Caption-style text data
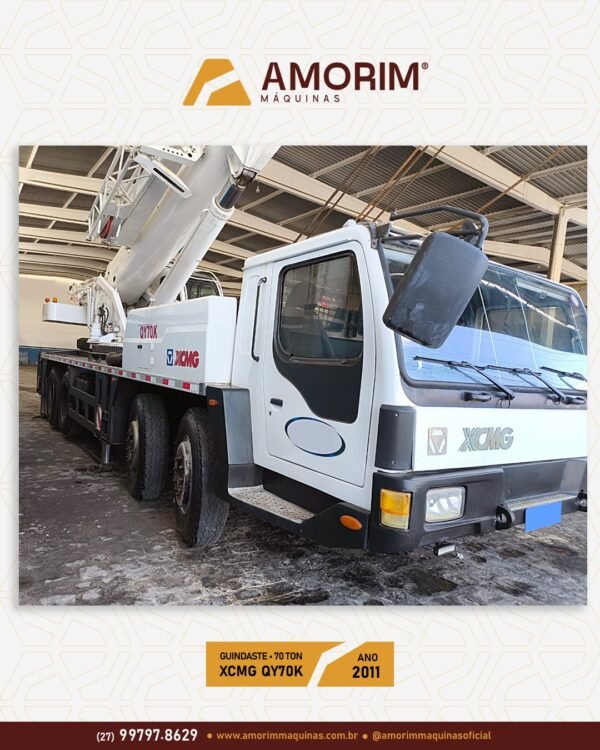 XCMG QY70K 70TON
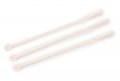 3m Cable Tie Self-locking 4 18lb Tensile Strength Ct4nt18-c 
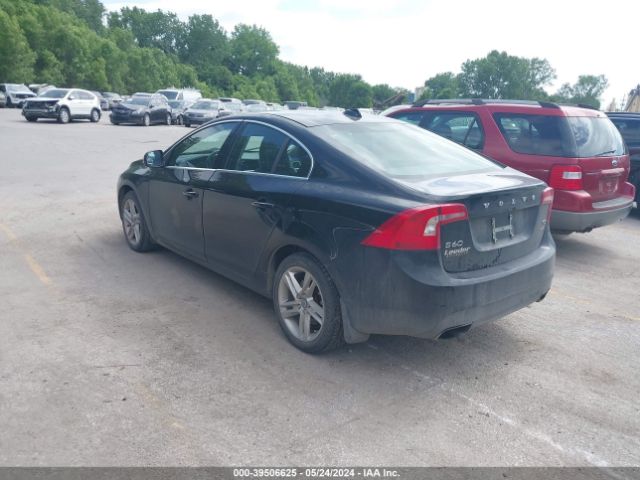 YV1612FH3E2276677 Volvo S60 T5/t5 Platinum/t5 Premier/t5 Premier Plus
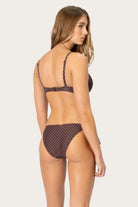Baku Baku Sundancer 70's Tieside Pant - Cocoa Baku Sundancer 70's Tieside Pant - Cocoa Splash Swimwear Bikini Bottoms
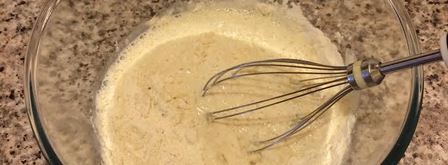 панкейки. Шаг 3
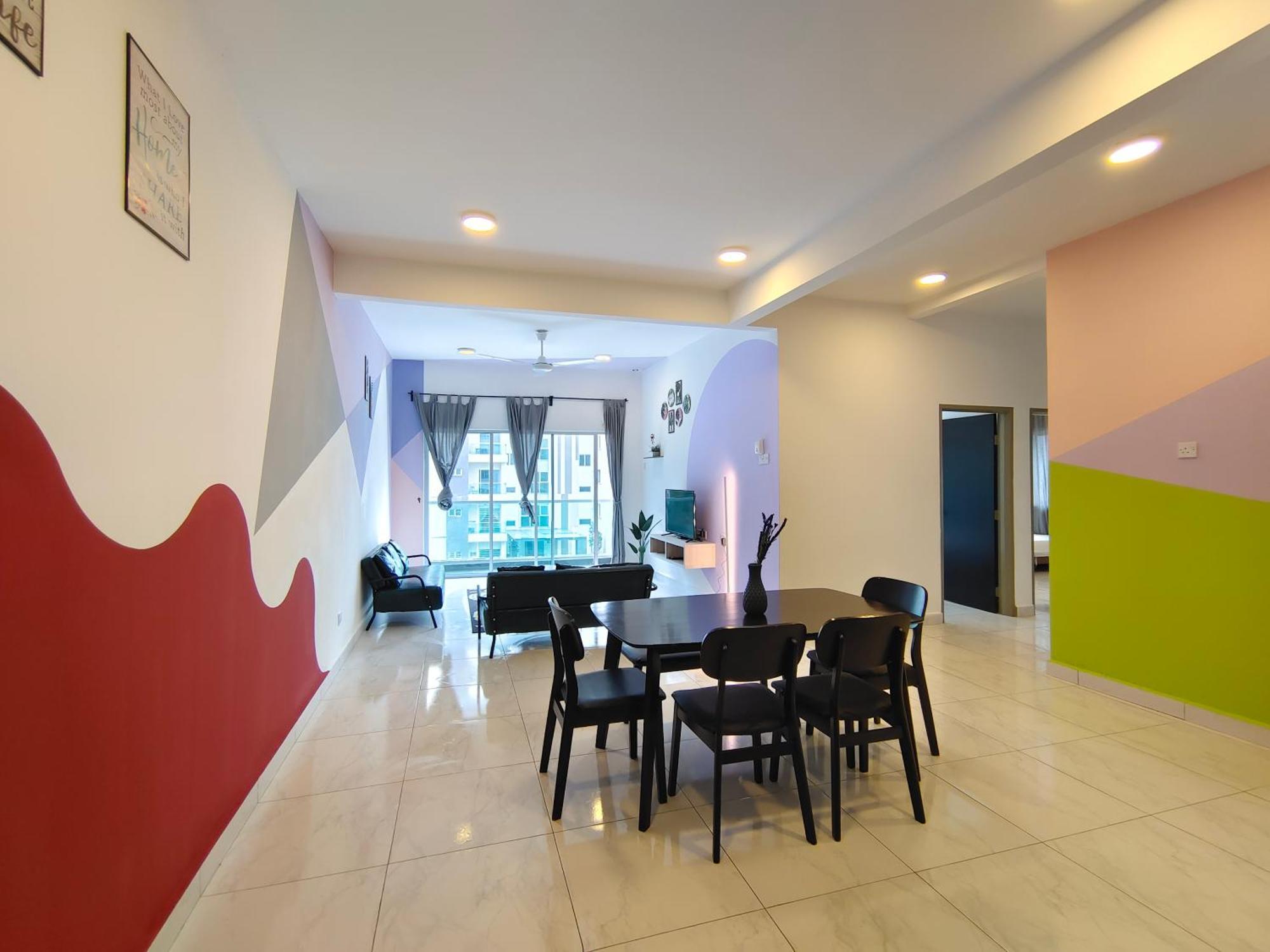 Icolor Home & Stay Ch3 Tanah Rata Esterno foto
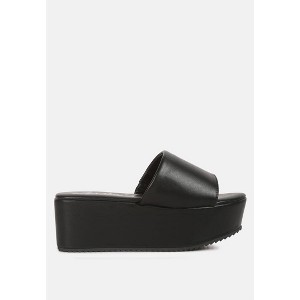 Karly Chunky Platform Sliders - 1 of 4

Problem description: Pick up at the line containing "панкейки. Шаг 3" and copy each line exactly until the data ends, including that last line; copy no pictures.

Solution to this problem:
 панкейки. Шаг 3
 Icolor Home & Stay Ch3 Tanah Rata Esterno foto
 Karly Chunky Platform Sliders - 1 of 4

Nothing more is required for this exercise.